Quand au récit sur L'Avenir2, cher ami, je n'en ai pas du tout pesé les termes, n'ayant d'autre but que de provoquer vos souvenirs et ceux du Père Lacordaire auquel il était bien naturel que j'en référasse entièrement. Je dis souvenirs et non documents, car il ne me semblait pas que ce fût un procès à recommencer sur pièces, Mais seulement une situation et des pensées principales à retracer en traits rapides. Le tout soit dit pour ma propre justification aux yeux de Madame de Montalembert surtout et <mot illisible> pour revenir sur le fond de la <mot illisible> question, que je tiens, je vous le répète, pour résolue négativement, d'autant plus que le père Lacordaire ne pourra que fortifier des arguments contraires. La répugnance qu'il vient de m'exprimer est plus radicale que la vôtre, tout en portant sur des points différents, puisque les lettres de Madame Swetchine à lui partent au contraire de sa soumission sans retard et sa réserve. Il me paraît que c'est surtout le point de vue politique qui lui porte ombrage et assurément il m'eût été facile de le rassurer à cet égard ; mais comment pourrais-je entreprendre cette liste contre vous deux ? Comment pourrais-je encourir une telle responsabilité, sans la force de votre assentiment spontané et critique ? Croyez bien que ce n'est pas seulement ma délicatesse qui est en jeu vis-à-vis de vous, mais la plus profonde et la plus tendre amitié et que rien ne me consolerait moi-même dans ce qui peut courir le risque de vous affliger.
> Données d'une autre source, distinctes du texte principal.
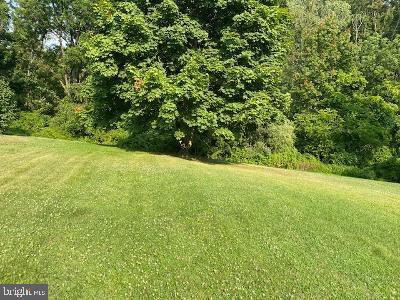310 Seven Stars Road Millerstown, PA 17062 - Photo 15 of 40 Yard View 2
Je ne suis que médiocrement surpris de ce qui vient de Lecoffre3, ni de ses éminents conseillers ; Mais je suis sûr du moins que vous serez bien vengé du côté du libraire par l'éclatant succès qui ne peut manquer à votre œuvre que ses rivaux vont se disputer. Ne laissez pas, je vous en supplie, cher et très cher ami, ces morsures de puces troubler le calme et le recueillement dont vous avez besoin et livrez-vous uniquement aux grandes pensées, aux grands travaux qui vous rendront le grand service de vous venger aussi bien que de vous servir sans que votre conscience ait à s’en mêler.

N’aurons-nous pas le discours de la distribution des prix de Sorèze4 pour le prochain Correspondant. Quelle paix ! Quelle régénération pour l'Italie ! Quelle situation faite au Saint-Siège ! Quelle illumination de génie, comme dit notre ami l'Univers ! Combien j'aimerais aller m’épancher sur tout cela avec vous à la Roche en Breny. Si tant de choses qui pèsent sur moi en ce moment s'allègent un peu, me le permettrez-vous !!

A. de F.

1Marie-Anne Henriette dite Anna de Montalembert, née de Mérode (1818-1904), épouse de Charles de Montalembert avec qui elle s'était mariée en 1836.

2Périodique fondée par Félicité de Lamennais, auquel Montalembert et Lacordaire collaborèrent avant sa condamnation par Rome.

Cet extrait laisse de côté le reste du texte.